# [Problem requirements]
Write out only the lines from the line that holds "Sapatos Loafers Moccasin" to the end of the listing below, inclusive, with the pictures omitted.

# [Supplied records]

★ ★ ★ ★ ★ ★ ★

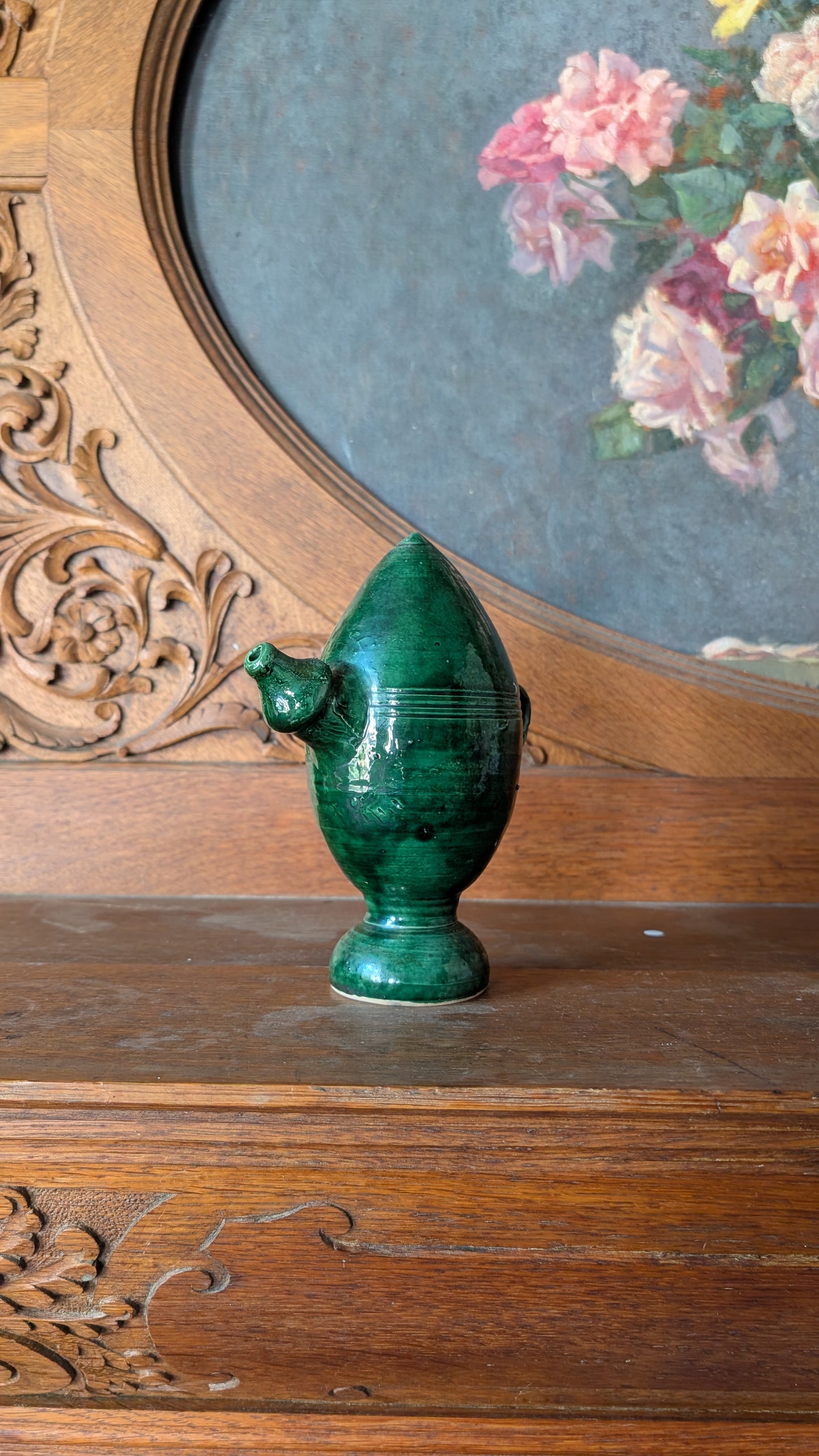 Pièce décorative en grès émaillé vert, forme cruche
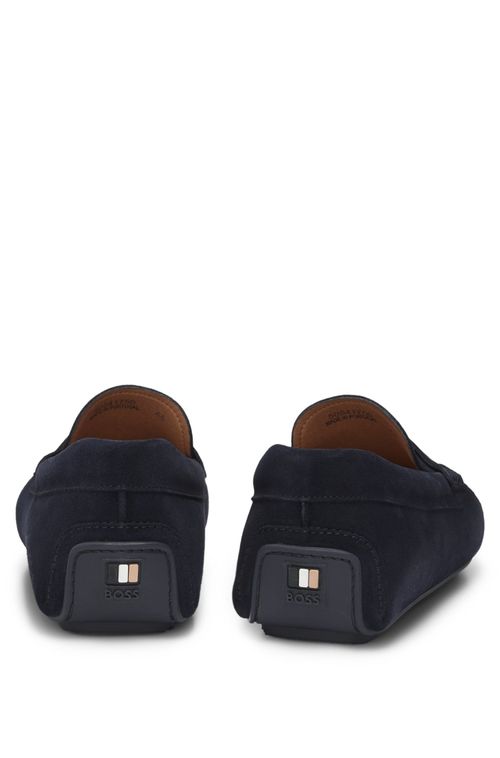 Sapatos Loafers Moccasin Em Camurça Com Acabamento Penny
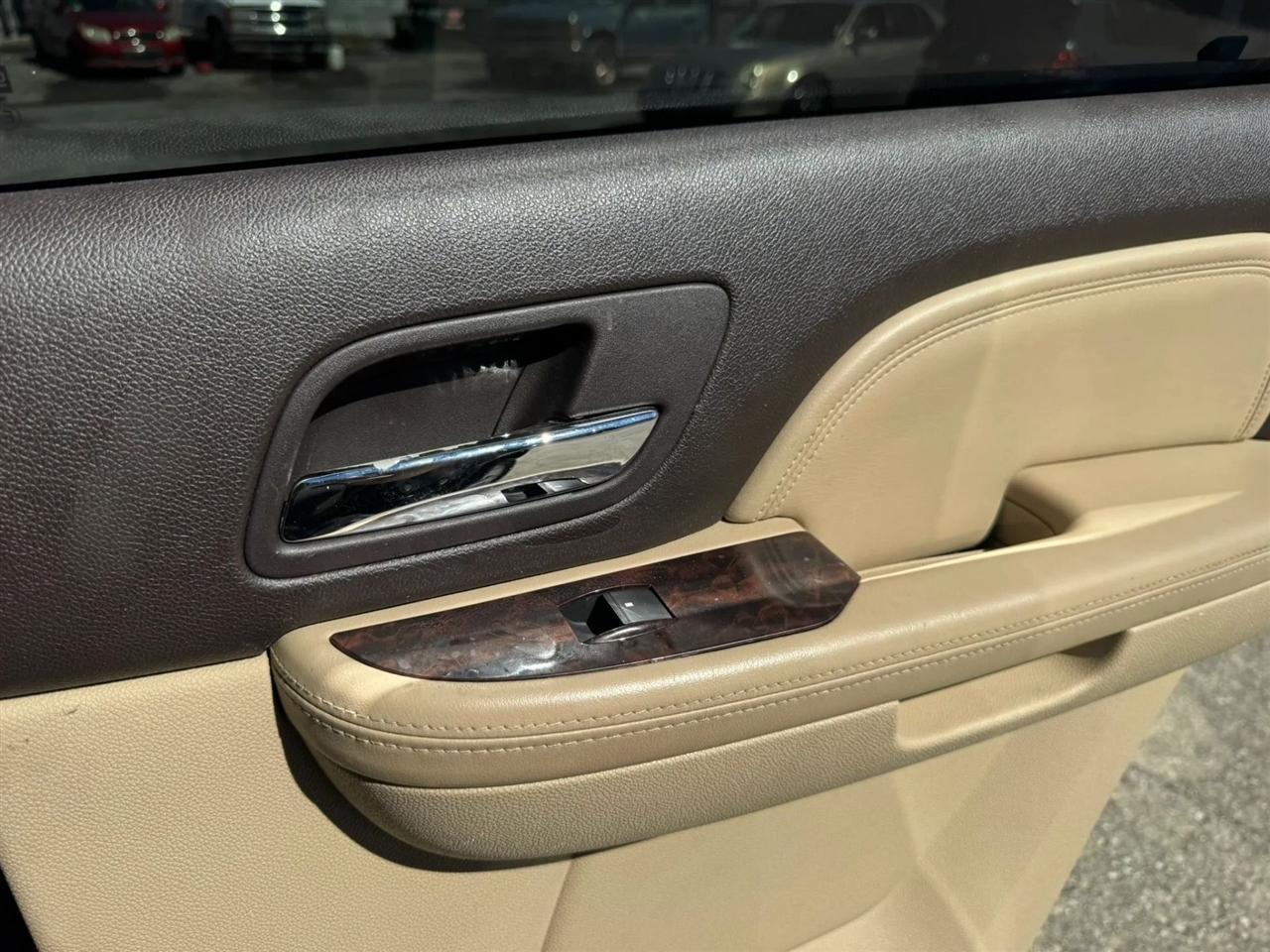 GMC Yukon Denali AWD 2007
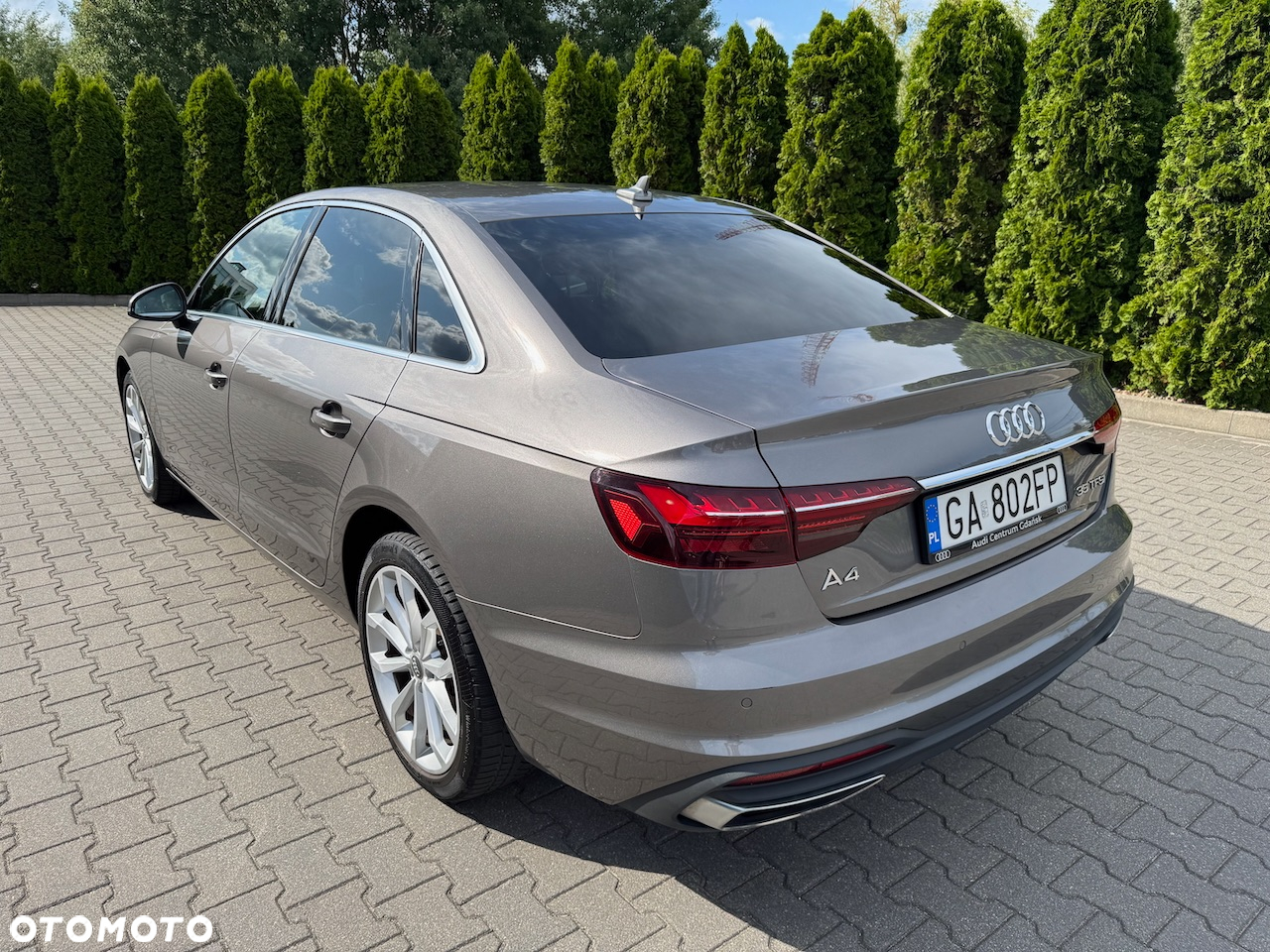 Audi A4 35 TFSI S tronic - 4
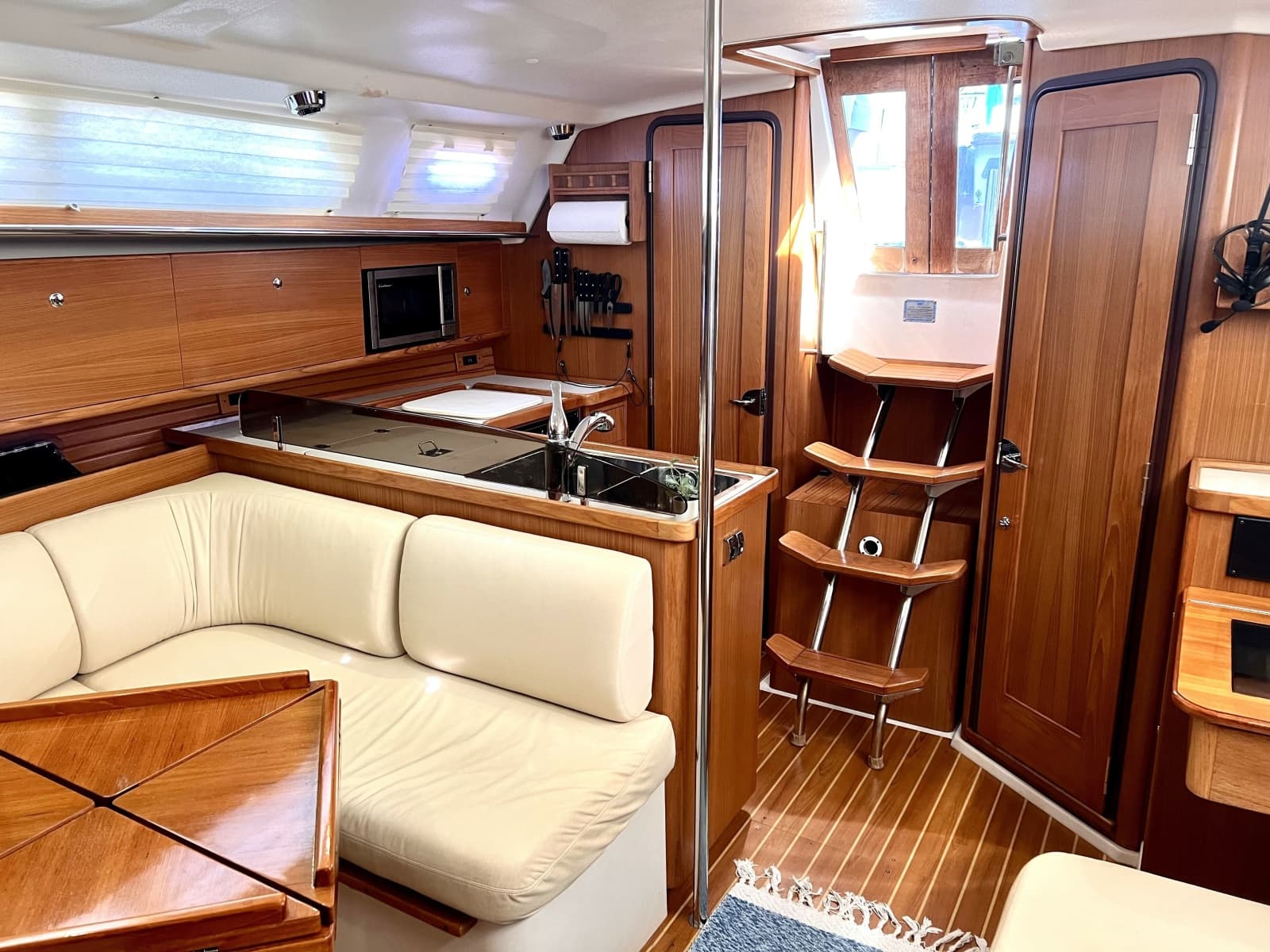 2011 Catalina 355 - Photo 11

★ ★ ★ ★ ★ ★ ★

# [Response to this task]
 Sapatos Loafers Moccasin Em Camurça Com Acabamento Penny
 GMC Yukon Denali AWD 2007
 Audi A4 35 TFSI S tronic - 4
 2011 Catalina 355 - Photo 11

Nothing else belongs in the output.